After cutting four miles north through waves pounding the Northern California coast, we see the island’s formidable cliffs. Suddenly the bump-and-jump notion seems downright daunting. The inflatable boat heaves, plummeting six feet below the landing spot—a slippery, barnacle-covered surface supposedly ideal to launch oneself onto from this puny, lurching vessel. Emma Kelsey doesn’t look fazed; on an upswell she leaps with the powerful grace of a gymnast and sticks the dismount. I jump next, clumsily grasp some sharp protrusions, and haul myself to my feet. Photographer Jim McAuley, gear strapped to his back, goes last. He hits low on the rock and slowly slides down, unable to get purchase. He slips into the water.

While I fight the urge to laugh, U.S. Geological Survey scientists Felis and Kelsey respond professionally. This is, after all, a government operation, we’re all wearing flotation jackets, and the pair had prepared us for this situation—and worse (“If everyone goes overboard...”). As McAuley bobs, Kelsey shouts instructions. Seconds later Felis plucks him out of the Pacific Ocean, drenched but unharmed. “I think,” says McAuley, “I’ll take photos of this island from the boat.”

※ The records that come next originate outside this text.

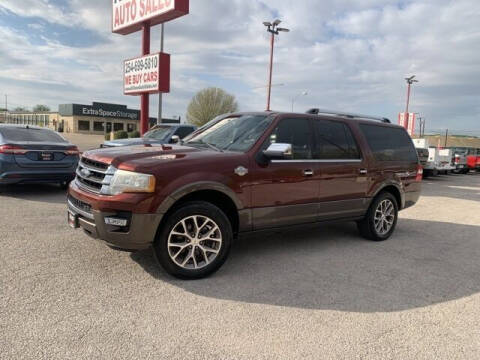 2015 Ford Expedition EL for sale at Killeen Auto Sales in Killeen TX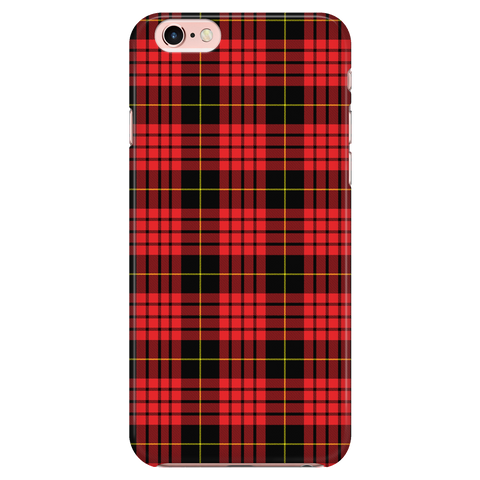 Image of Aikenhead Scottish Plaid Tartan Phone Case - shirtskishirt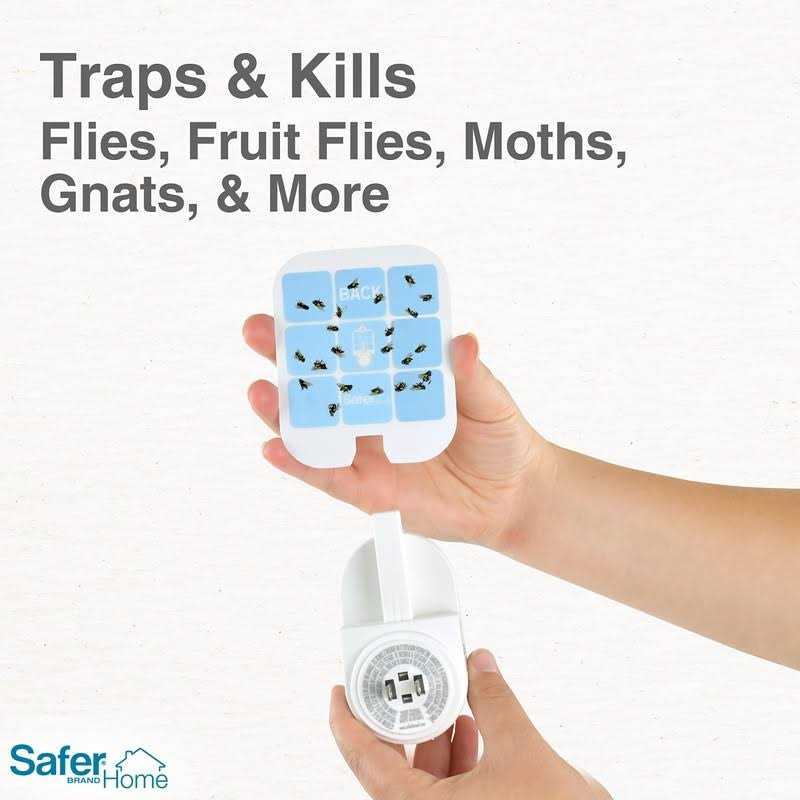 Safer Home Indoor Fly Trap Plug - Image 5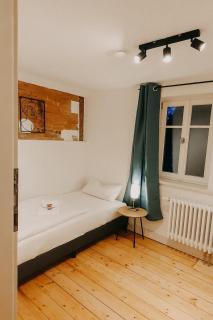 Fachwerk Loft - Appartement am Kocher - Parken - historisch Wohnen am Stadtpark - Balkon - Schwäbisch Hall - 6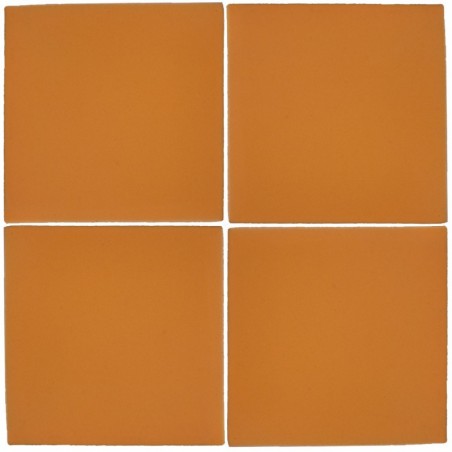 Amarillo Mostaza – 10x10cm Fliese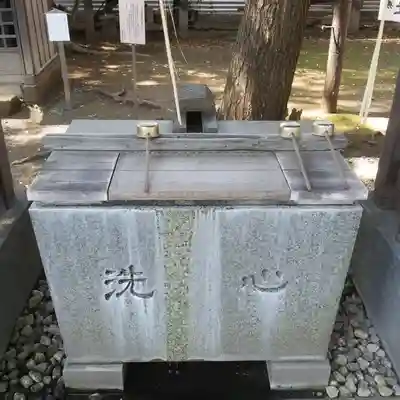 平塚神社の手水舎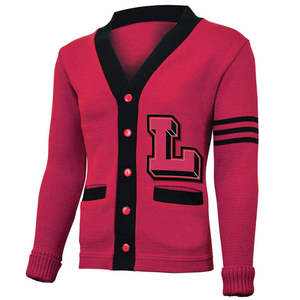 Pull en tricot pour femmes, avec broderie appliquée Kapa Alpha Psi Sorority Fraternity, pour l'école, l'université, les filles - Product Image 1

Man down, I follow Kelsey as she scrambles to an alcove above our landing spot, passing empty cormorant nests and stepping over the desiccated remains of Common Murre chicks. After poking around, Kelsey calls, “Got it!” She’s crouched before a sandwich-size, guano-covered box containing an acoustic sensor, a device that has recorded thousands of hours of calling seabirds, barking sea lions, and crashing waves since she placed it here in March.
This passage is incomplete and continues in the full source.